12 / 19
鬼の微笑
しおりを挟む
成貞の娘安子が、江戸城大奥の人となり早くも半年ほどが過ぎた。将軍は再び牧野邸に姿をあらわし、その際は安子も同伴した。
将軍の特別なはからいにより、安子はしばしの間、父の成貞と親子水入らずの一時を与えられる。成貞には安子が、必死に涙をこらえていることがよくわかった。
無理もない話しである。江戸城大奥には幾つものしきたりがあり、女同士の嫉妬や憎悪、醜い争いが常にあった。新入りの安子に対しての風当たりも強い。
今まで両親のもとで、蝶よ花よで育てられた十六歳の安子にとり、毎日がつらいことの連続である。それよりも何よりも、最大の試練は将軍との夜の営みだったのである。
「そういえば、成時様はいらっしゃらないのですか?」
娘の問いに成貞は、しばし険しい表情をうかべた。
「そうですか……わかりました。私とはもう会いたくないということですね。父上、どうか成時様に伝えてください。私のことは忘れて、他に良い人を探して幸せになってくださいと」
しかし成貞は、この時本当のことを、どうしても言えなかったのである……。
しばし昔話や大奥での話などが続いた後、成貞は思い切って安子におそるべき秘密をうちあけた。
「今しがた将軍の膳に毒を入れた。ここなら毒味はおらぬ。
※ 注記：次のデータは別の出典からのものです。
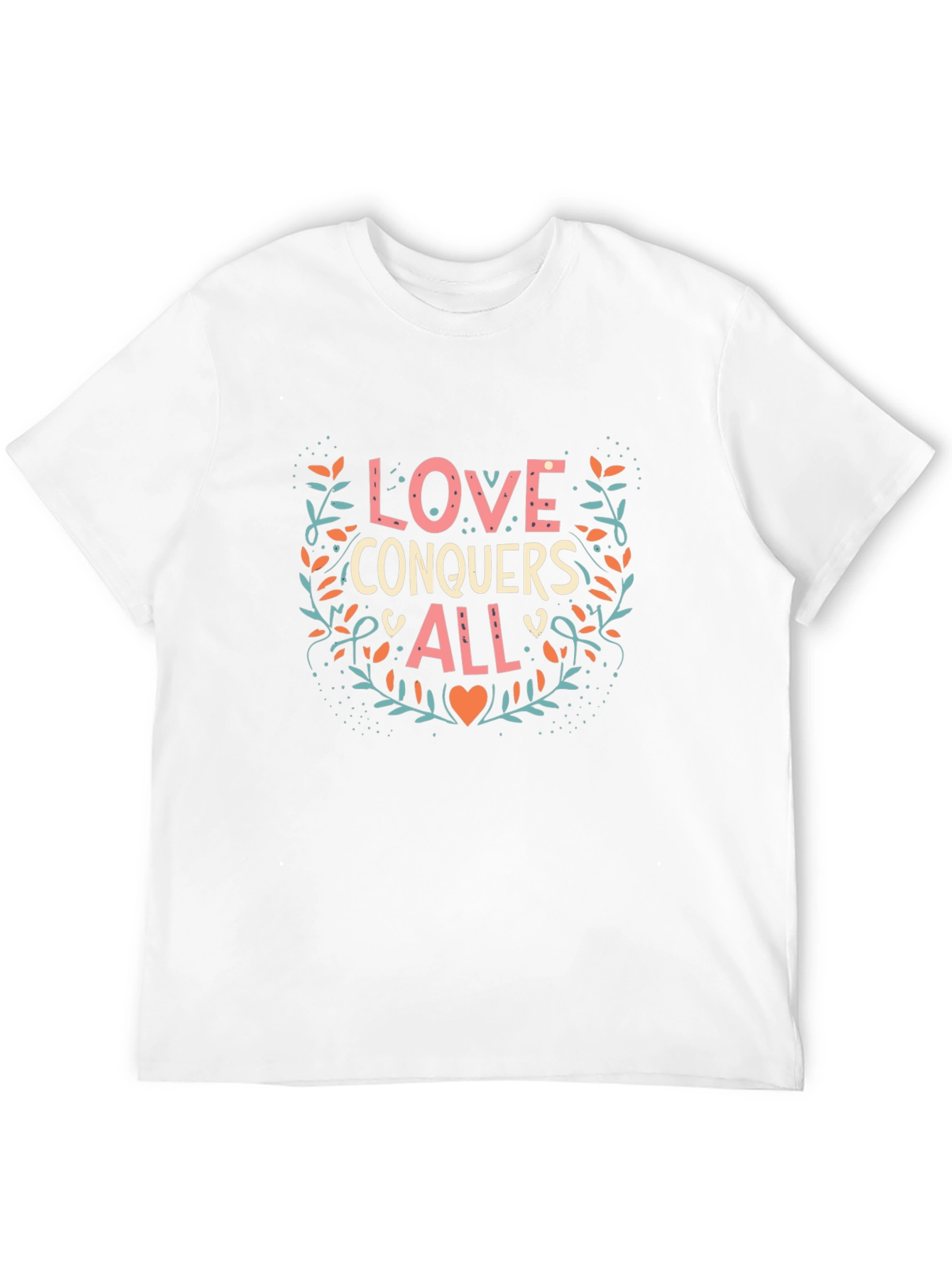 Love Conquers All Graphic Tee - Trendy Black T-Shirt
案ずることはない。即効性の毒ではないので、じわじわと効果があり、やがて上様は体が弱って死にいたる。いかに上様とはいえ、これ以上、あの方に振り回されるのはごめんなのでな」
と成貞が恐ろしい形相でいうので、安子もまたしばし沈黙し、青ざめた表情をうかべた。
それから数カ月がすぎ、元禄の世も幾度めかの桃の節句の季節がやってきた。今日の桃の節句は三月三日ときまっているが、これを旧暦になおすと四月三日となる。ようやく春も本番といったところである。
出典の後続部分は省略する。